(DATASET begins)

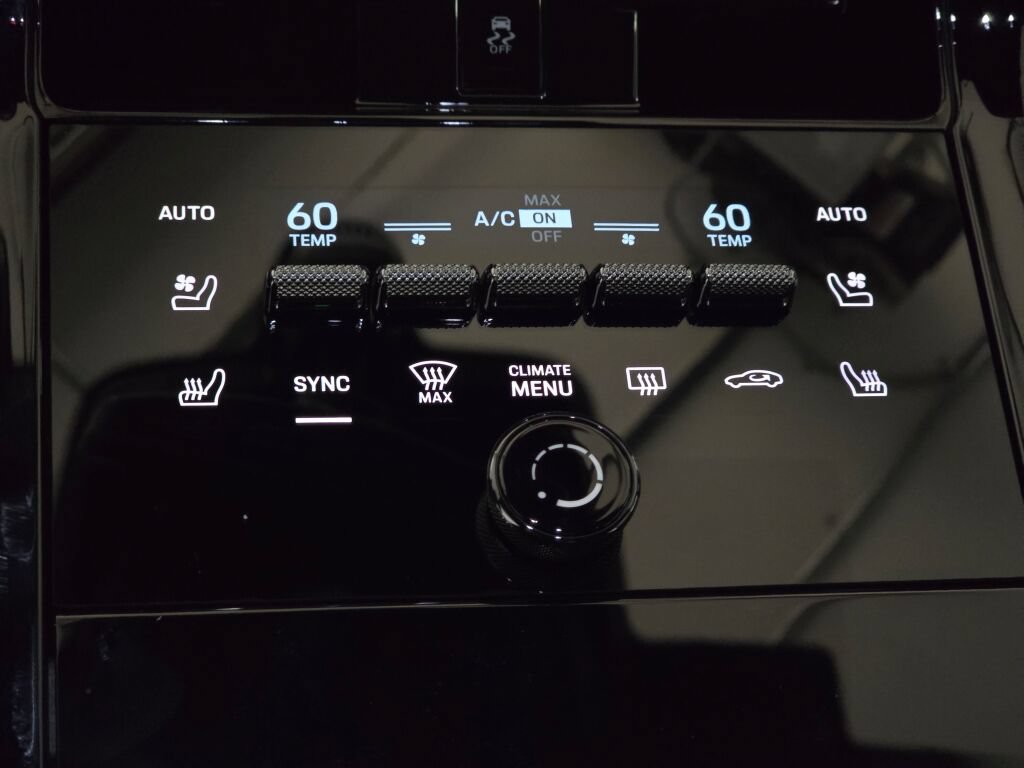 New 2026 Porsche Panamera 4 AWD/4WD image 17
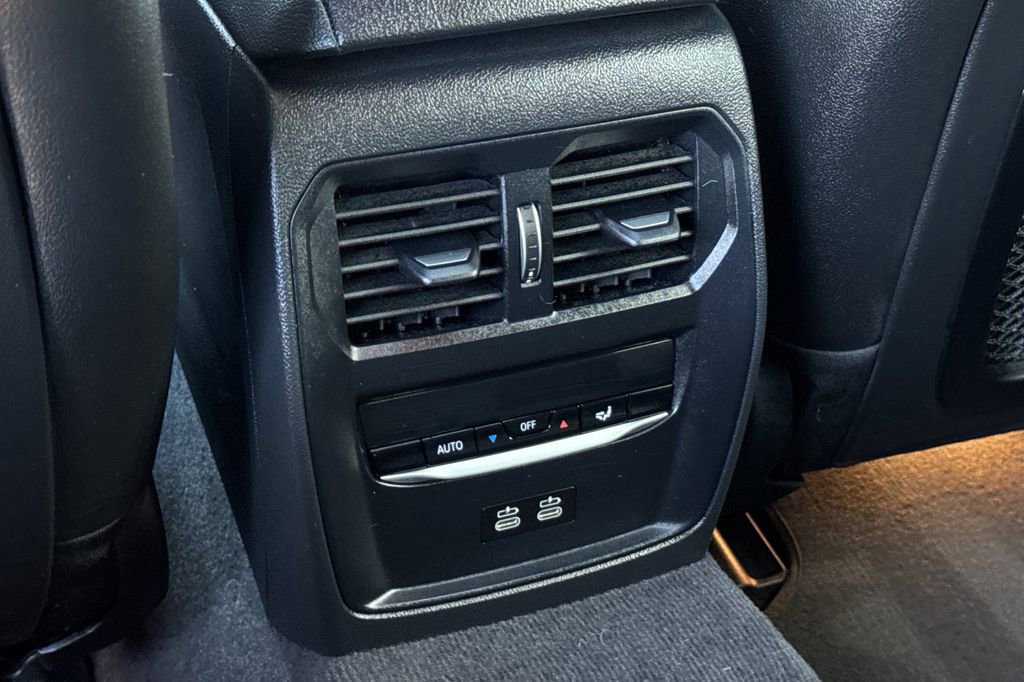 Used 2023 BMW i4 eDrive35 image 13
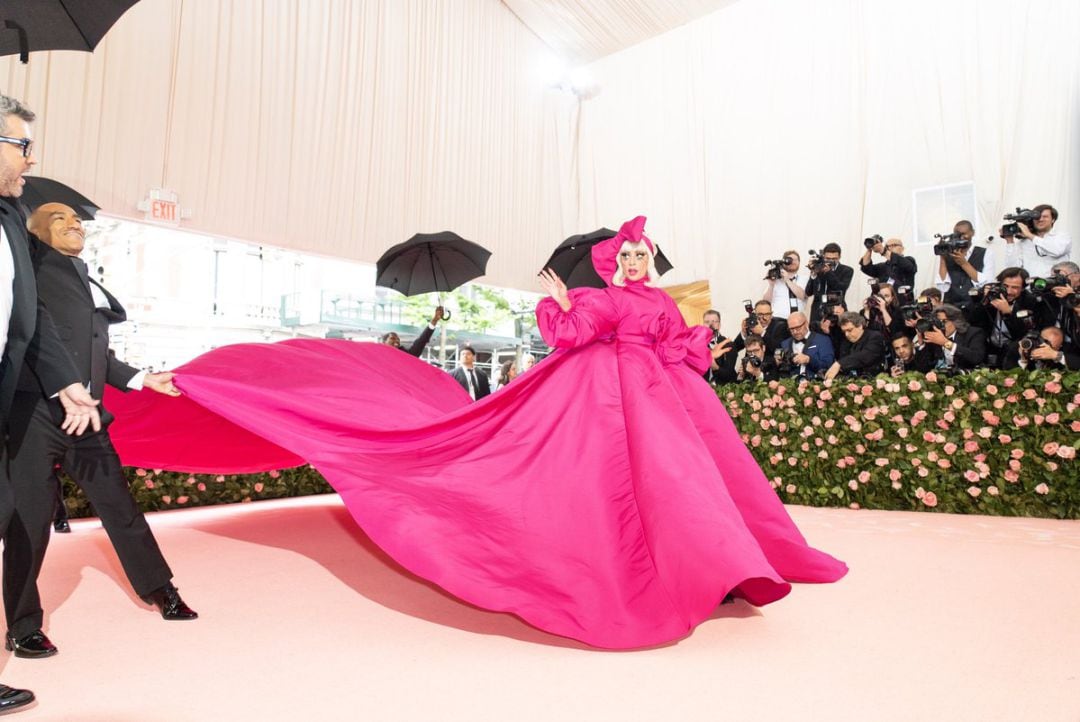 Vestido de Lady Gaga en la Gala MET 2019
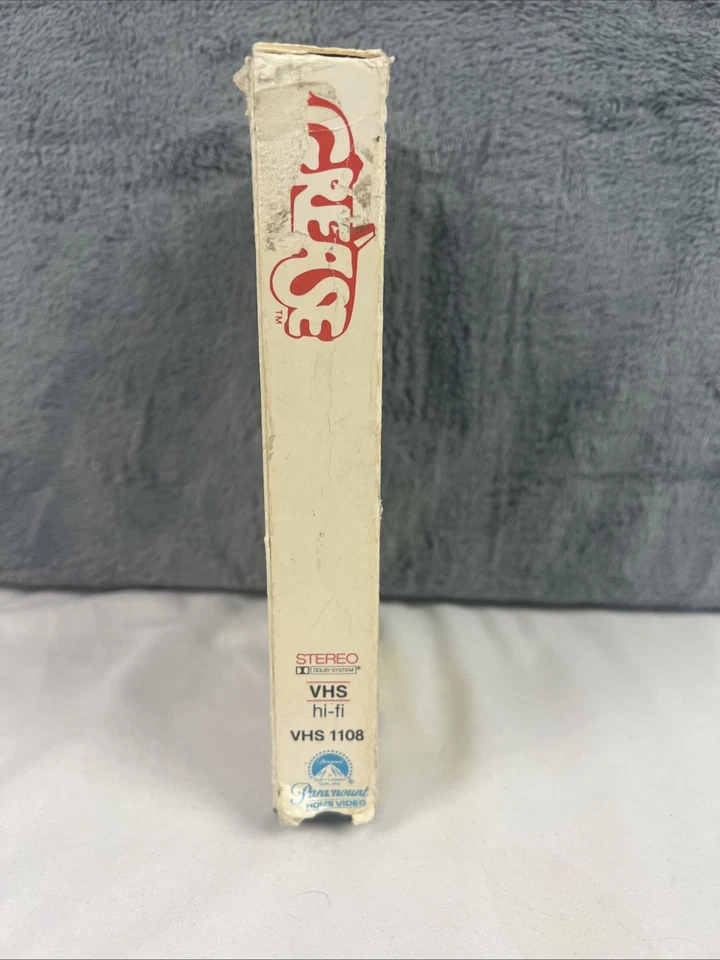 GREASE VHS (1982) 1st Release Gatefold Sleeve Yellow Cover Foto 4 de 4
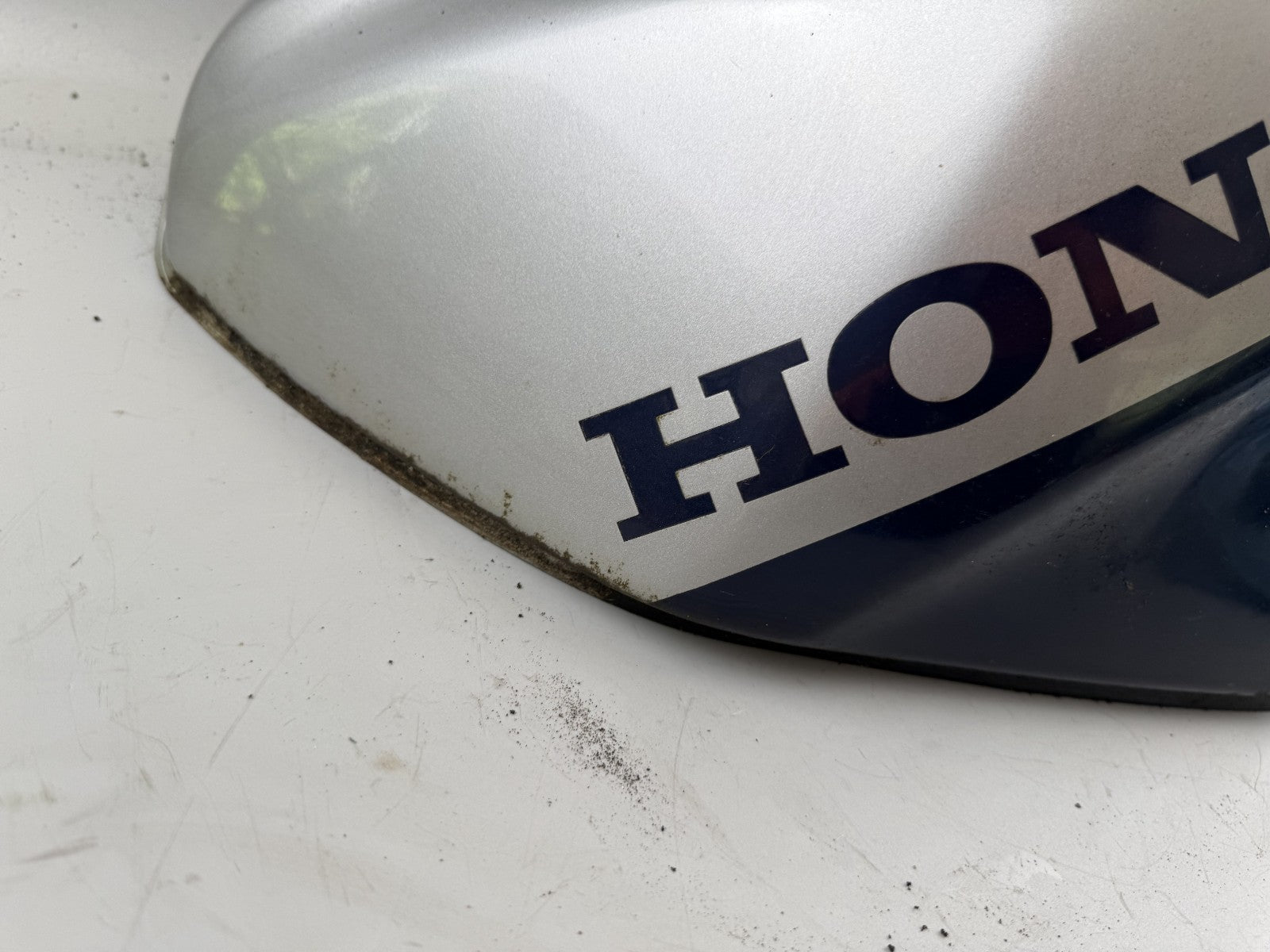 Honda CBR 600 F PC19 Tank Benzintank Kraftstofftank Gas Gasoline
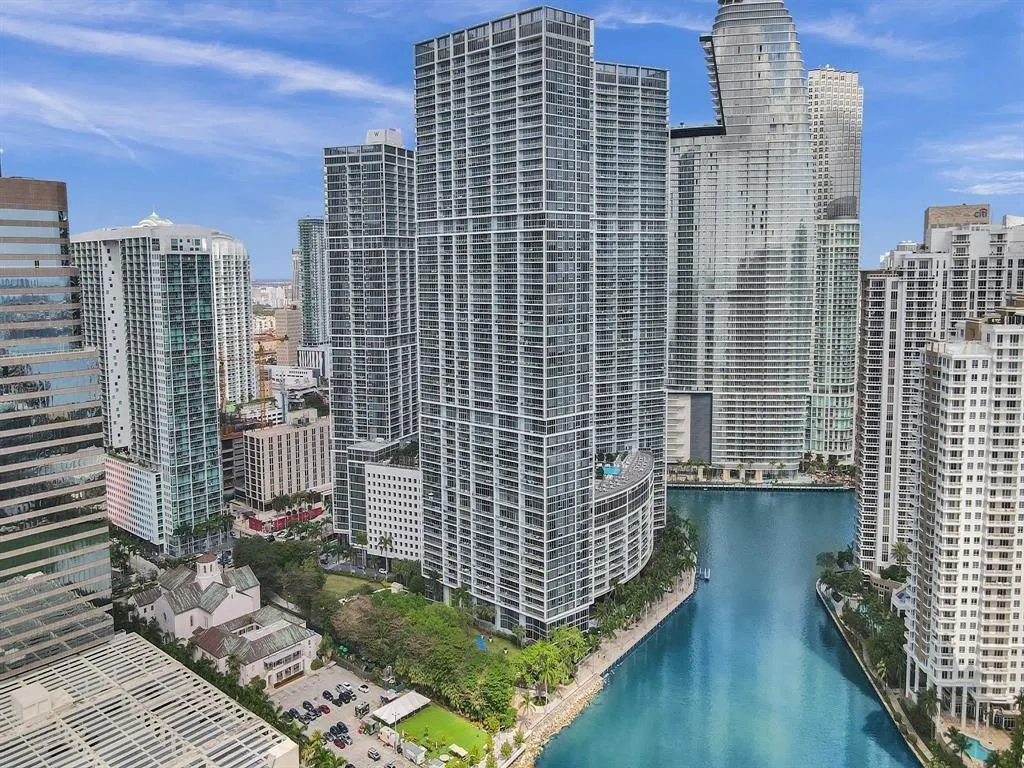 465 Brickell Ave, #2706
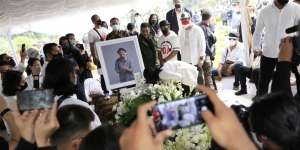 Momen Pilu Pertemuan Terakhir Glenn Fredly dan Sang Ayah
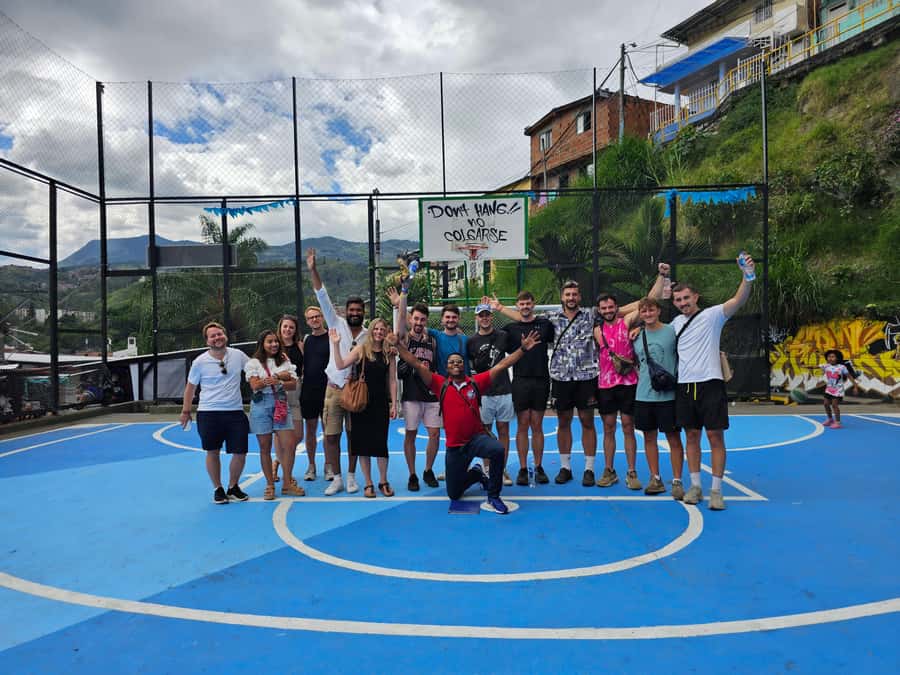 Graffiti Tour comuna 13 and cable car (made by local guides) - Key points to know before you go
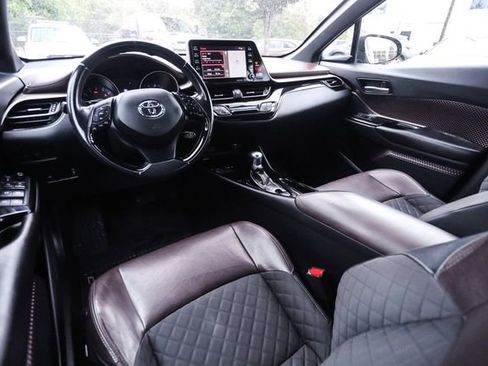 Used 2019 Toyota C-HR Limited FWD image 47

(DATASET ends)

If a picture falls within the span, leave it out, and reproduce exactly the lines from the one containing "GREASE VHS (1982)" through the end of the material, and no others.

### EXPECTED OUTPUT
 GREASE VHS (1982) 1st Release Gatefold Sleeve Yellow Cover Foto 4 de 4
 Honda CBR 600 F PC19 Tank Benzintank Kraftstofftank Gas Gasoline
 465 Brickell Ave, #2706
 Momen Pilu Pertemuan Terakhir Glenn Fredly dan Sang Ayah
 Graffiti Tour comuna 13 and cable car (made by local guides) - Key points to know before you go
 Used 2019 Toyota C-HR Limited FWD image 47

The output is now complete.